I concur. I am not able to agree that a contract by which one obligates himself to hire an attorney to prosecute an action for the collection of a debt due another, if more peaceful methods fail, is not a contract to furnish legal services just because an assignment of the debt, solely for collection, intervenes. (SeeElam v. Arzaga, [1932] 122 Cal.App. 742 [10 P.2d 805].) I am of the opinion, however, that accepting the *Page 792 agreement as one to furnish legal services does not require the conclusion that it is invalid and unenforceable for that reason.

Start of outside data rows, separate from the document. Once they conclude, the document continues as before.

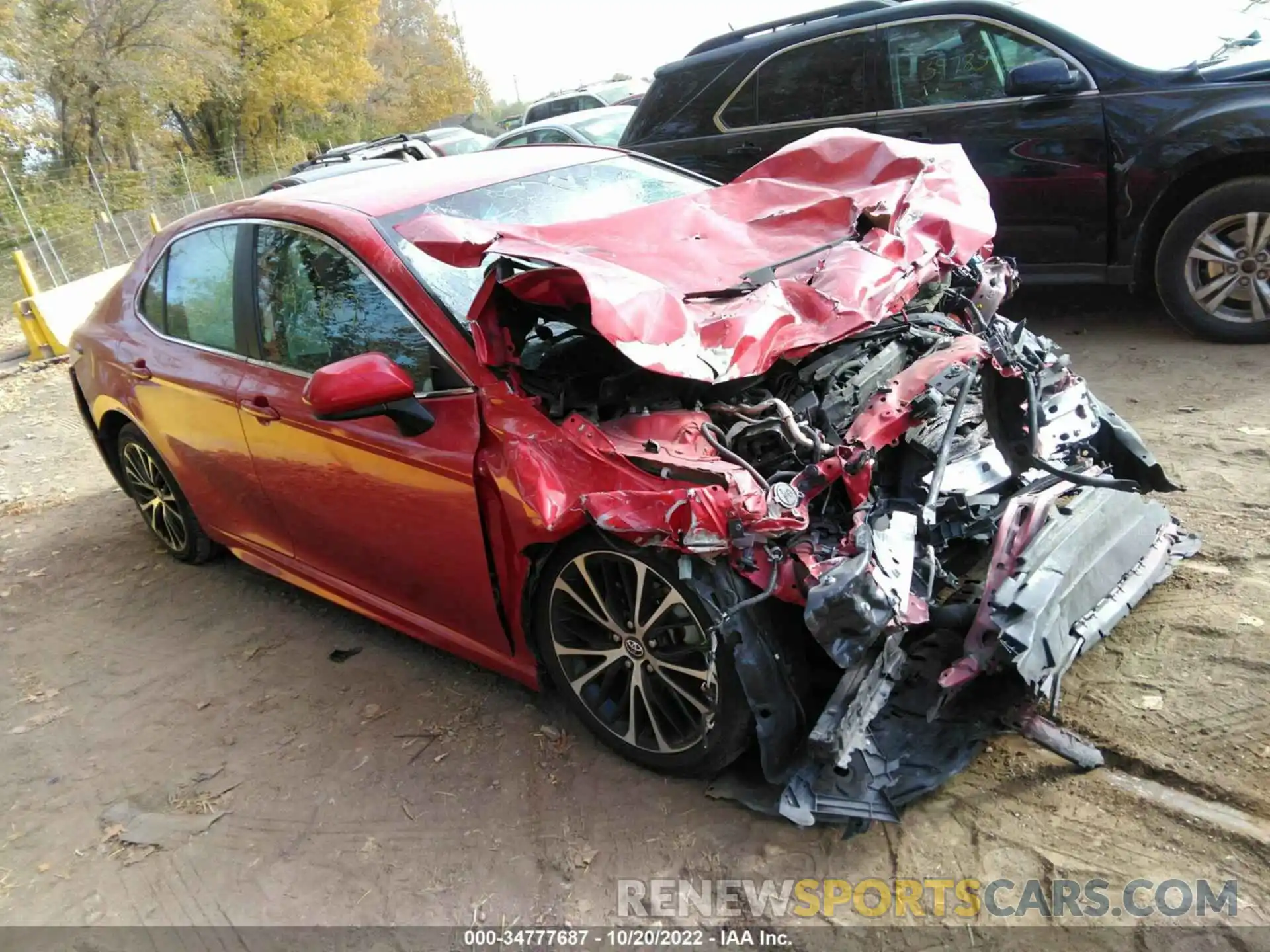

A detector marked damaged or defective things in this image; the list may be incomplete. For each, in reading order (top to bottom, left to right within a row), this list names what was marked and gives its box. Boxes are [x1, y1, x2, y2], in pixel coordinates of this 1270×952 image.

shattered windshield [392, 153, 709, 324]
severely damaged red car [69, 132, 1201, 825]
crumpled hood [392, 129, 995, 383]
crushed front end [397, 126, 1201, 825]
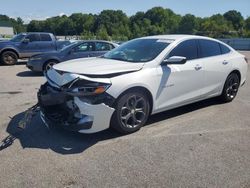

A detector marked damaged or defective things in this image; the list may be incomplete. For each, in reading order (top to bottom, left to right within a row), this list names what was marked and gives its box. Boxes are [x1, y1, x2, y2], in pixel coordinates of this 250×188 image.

crumpled hood [53, 57, 144, 75]
damaged bumper [37, 82, 115, 134]
damaged front end [38, 69, 115, 134]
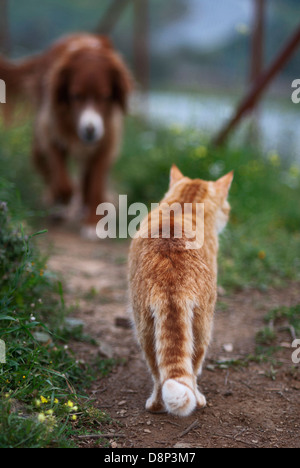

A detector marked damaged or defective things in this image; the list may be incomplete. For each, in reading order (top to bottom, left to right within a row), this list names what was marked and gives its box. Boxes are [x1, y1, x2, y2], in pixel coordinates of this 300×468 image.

rusty metal pole [214, 22, 300, 144]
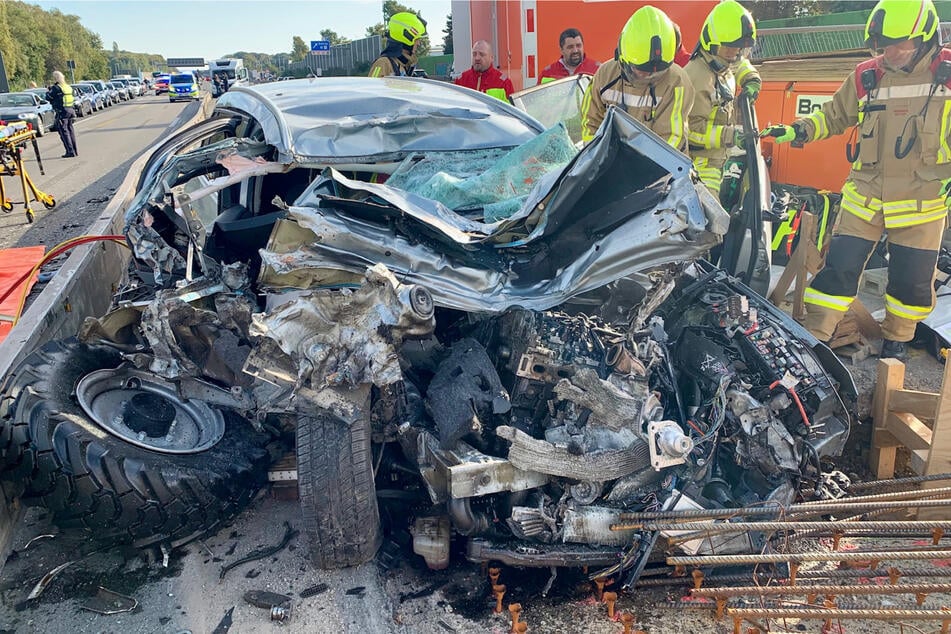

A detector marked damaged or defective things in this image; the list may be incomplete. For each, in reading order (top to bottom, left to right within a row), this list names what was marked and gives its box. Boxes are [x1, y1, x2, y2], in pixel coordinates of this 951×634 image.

severely crushed car [0, 78, 856, 572]
detached tire [0, 338, 272, 544]
detached tire [302, 410, 384, 568]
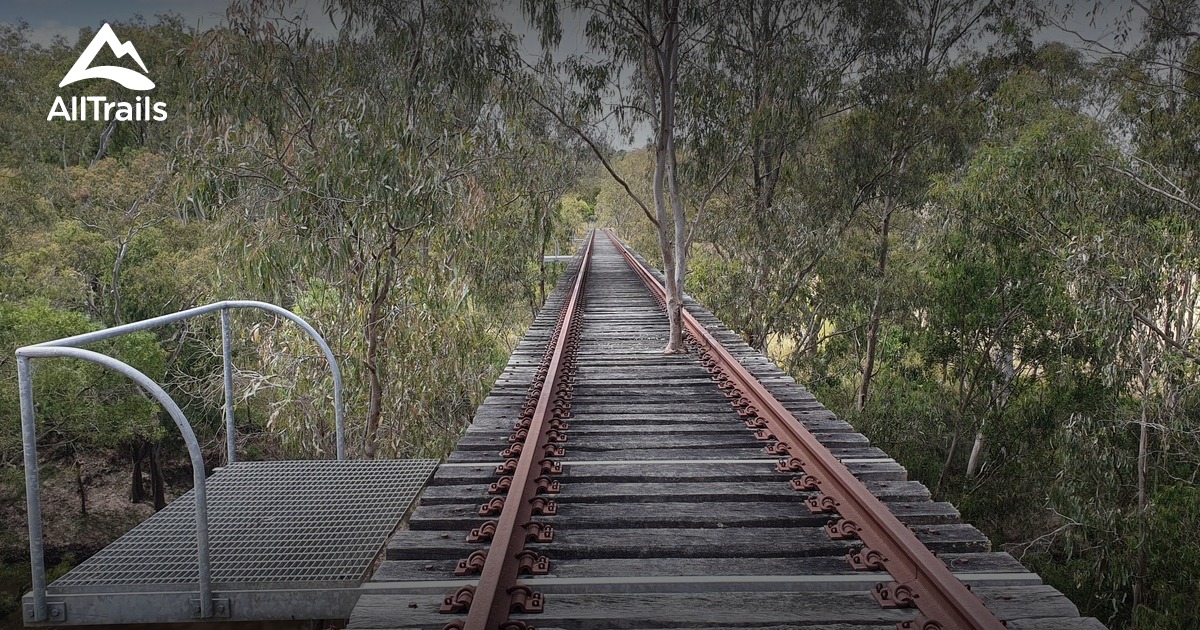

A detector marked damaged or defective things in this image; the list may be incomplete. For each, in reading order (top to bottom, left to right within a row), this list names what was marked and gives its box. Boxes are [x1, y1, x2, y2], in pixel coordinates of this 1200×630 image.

rusty rail [441, 229, 595, 628]
rusty rail [604, 228, 1008, 628]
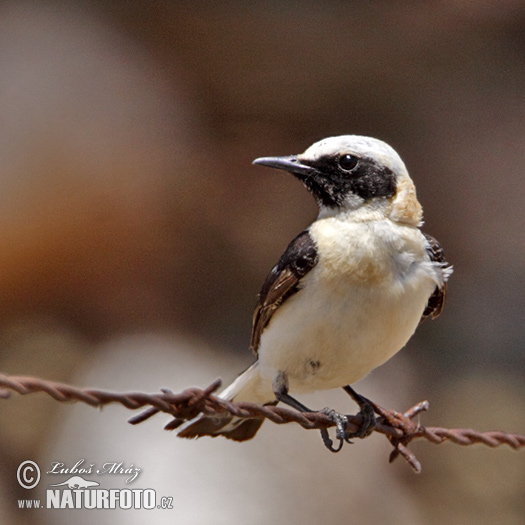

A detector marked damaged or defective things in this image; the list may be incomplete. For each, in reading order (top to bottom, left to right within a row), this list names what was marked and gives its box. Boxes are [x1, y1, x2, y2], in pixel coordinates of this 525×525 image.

It is neither unlawful nor contrary to public policy in view of extant statutes. "Fundamentally it pertains to the law-making power to declare what contracts are against public policy." (County of San Bernardino v. Creamery Co., [1930] 103 Cal.App. 367, 373 [284 P. 457, 459], quoting from 6 Cal. Jur. 109; see, also, Maryland Casualty Co. v. Fidelity etc. Co., [1925]71 Cal.App. 492, 497 [236 P. 210].) The legislation which seems to me to deny the existence of a public policy contravened by the agreement in question, is embodied in the act defining and regulating collection agencies. (Stats. 1927, p. 822, referred to in the main opinion.) The practice of collection agencies in taking assignments of the claims entrusted to them for the purpose of bringing actions thereon is "common knowledge". (Koepple v. Morrison, [1927] 84 Cal.App. 137 [257 P. 590].) The act respecting collection agencies was adopted, in the light of this common knowledge, at the same session of the legislature which incorporated The State Bar and made it a misdemeanor for anyone not an active member of the bar to practice law. Both acts have received attention at the hands of the legislature at each session subsequent to their passage. The overlapping of the collection agency field with that of the practice of law is recognized by the requirement of a license for an attorney engaged in the collection agency business, but exempting him from the provisions of the Collection Agency Act if his services are those rendered to clients in the usual course of professional practice. In the premises I find neither the statutory law nor public policy forbidding an agreement whereby one who makes it a business to collect claims engages to make the collection by suit if necessary. I agree with the remark in the majority opinion that if there is to be a change in the law it must come from the legislature.